Il fatto che un autore s’immerga nell’analisi di
un argomento tanto terribile, suscita spesso domande sulle sue
motivazioni. Nutrivo grande interesse per la matematica e il
suo rapporto con la filosofia; una conversazione casuale con
uno dei miei professori dell’Università di Vienna,
Friederich Kainz, mi ha portato su una strada diversa. Venendo
a sapere che ero armeno, egli mi ha spinto a leggere I Quaranta
Giorni del Mussa Dagh, il famoso romanzo di Franz Werfel, che
era stato un tempo un suo condiscepolo.

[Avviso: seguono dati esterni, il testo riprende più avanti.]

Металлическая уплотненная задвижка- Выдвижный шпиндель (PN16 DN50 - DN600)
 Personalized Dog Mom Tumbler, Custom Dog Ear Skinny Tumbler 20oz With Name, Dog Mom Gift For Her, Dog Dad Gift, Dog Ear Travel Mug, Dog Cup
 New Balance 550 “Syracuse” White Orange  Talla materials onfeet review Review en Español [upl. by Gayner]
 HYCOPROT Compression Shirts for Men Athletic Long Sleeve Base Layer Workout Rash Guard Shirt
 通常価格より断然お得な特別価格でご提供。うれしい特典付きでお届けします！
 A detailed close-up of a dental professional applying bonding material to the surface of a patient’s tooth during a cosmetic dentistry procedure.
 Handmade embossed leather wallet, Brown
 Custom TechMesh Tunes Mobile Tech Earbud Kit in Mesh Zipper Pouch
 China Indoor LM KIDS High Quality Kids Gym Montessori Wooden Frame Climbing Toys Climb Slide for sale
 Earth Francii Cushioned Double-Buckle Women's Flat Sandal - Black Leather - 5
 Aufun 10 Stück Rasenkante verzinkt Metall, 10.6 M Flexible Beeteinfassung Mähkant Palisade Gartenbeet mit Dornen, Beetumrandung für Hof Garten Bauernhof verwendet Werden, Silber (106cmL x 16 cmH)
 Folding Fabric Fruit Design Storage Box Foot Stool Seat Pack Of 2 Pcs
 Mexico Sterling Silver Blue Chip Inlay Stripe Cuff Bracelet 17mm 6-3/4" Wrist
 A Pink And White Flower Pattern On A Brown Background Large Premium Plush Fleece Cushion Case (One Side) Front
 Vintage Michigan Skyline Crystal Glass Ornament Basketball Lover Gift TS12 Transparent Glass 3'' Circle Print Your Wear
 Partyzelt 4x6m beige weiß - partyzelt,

Werfel gli aveva confidato
che la ragione principale per cui aveva scritto questo romanzo
era la necessità d’informare il resto del mondo,
e in particolare gli Ebrei, per mezzo della letteratura, dello
spaventoso presagio che lo sterminio degli Armeni rappresentava.
L’impatto di questo libro, tragico nella sua essenza,
sul mio temperamento in via di formazione, fu immenso. Questo
libro esponeva la configurazione asimmetrica di fenomeni come
la pietà umana nello sconforto, la resistenza e l’eroismo
contro la sorte avversa da una parte e, dall’altra, l’inesorabile
crudeltà accentuata dall’indifferenza delmondo.
Egli seppe orientarmi definitivamente e mi aiutò a concentrarmi
su un campo ben preciso di ricerche, che possiamo chiamare la
“vittimizzazione” di una collettività vulnerabile
ad opera di un gruppo potente determinato a distruggerla. Sembra
che, in certe circostanze, le idee possano avere ancora conseguenze
reali.
Il presente libro è il risultato di decenni di lavoro.